Hello everybody,I gotta a big and very interesting question about a free certification for you folks out there !!i was doing some research and I found out that there's a free certification.which is ZYXEL ZCNP.i want to know if that is true!?and if anybody ever got it?! And how did it help it on your Career ?!and if it will hell me as an entry level guy in the IT FIELD? Now and if will help me more than regular certifications such as a+ or net+? Any comments would be Appreciated..thanks.
Here is the link :
http://education.zyxel.com/certification.asp


----------



## BosonMichael (Nov 1, 2011)

Considering I've been into computers for over 30 years and working in the IT and certification fields for 15 years... and haven't ever heard of it, I'd say no, it's not gonna help you one bit.


----------



## Rich-M (May 2, 2007)

I can't help but wonder how anything of any real value in the industry can be totally free, I mean how do they pay the bills? So I share my fellow staff member's view here.


----------



## greenbrucelee (Apr 24, 2007)

sounds like a load of BS to me.


----------



## Magrocha (Nov 7, 2012)

Thanks for the reply guys.if anybody knows more information .let me know.ill keep you guys update if I find out something.


----------



## RecklessX (Apr 5, 2013)

The company is called ZyXEL and they seem to focus on offering network solutions to there customers but they do offer a free certification called ZCNP and also ZCNE which must be taken at one if there training locations.

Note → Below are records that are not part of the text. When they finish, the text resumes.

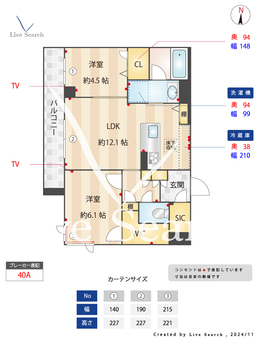 コンファーザ 101 【千葉県豊四季】 の間取り図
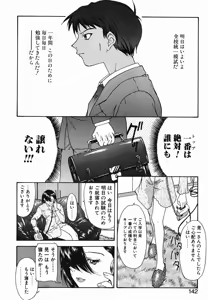 Page 141 of Eye -Spring- - preview thumbnail
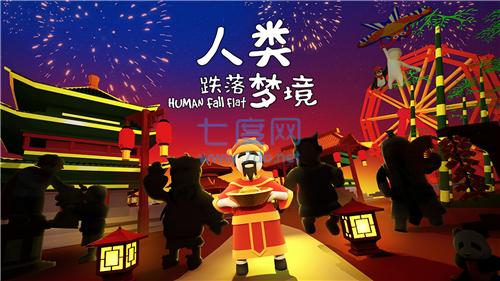 人类跌落梦境联机版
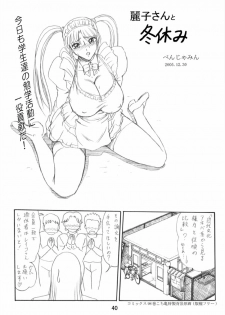 [Iwashi (Benjamin)] Uchiage Suihanki kei Soushuuhen Fukuro (Kochikame) - page 41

I could not see a possible use in taking there course as they are not a reputable certification company.
Example:
I could simply make a certificate and say you have the JBSB from Jim Bob's University.


----------



## clyde123 (Apr 10, 2008)

ZyXel are a bona fide company. My knowledge of them is their modems, which I've found ok. There are many hardware companies out there who do their own training courses for their own products. And they're entitled to issue certificates that someone has been examined and found competent with their hardware.


----------



## BosonMichael (Nov 1, 2011)

clyde123 said:


> ZyXel are a bona fide company. My knowledge of them is their modems, which I've found ok. There are many hardware companies out there who do their own training courses for their own products. And they're entitled to issue certificates that someone has been examined and found competent with their hardware.


They are indeed a genuine company. The point is that the certification won't help your career, and it's not going to get you a job.


----------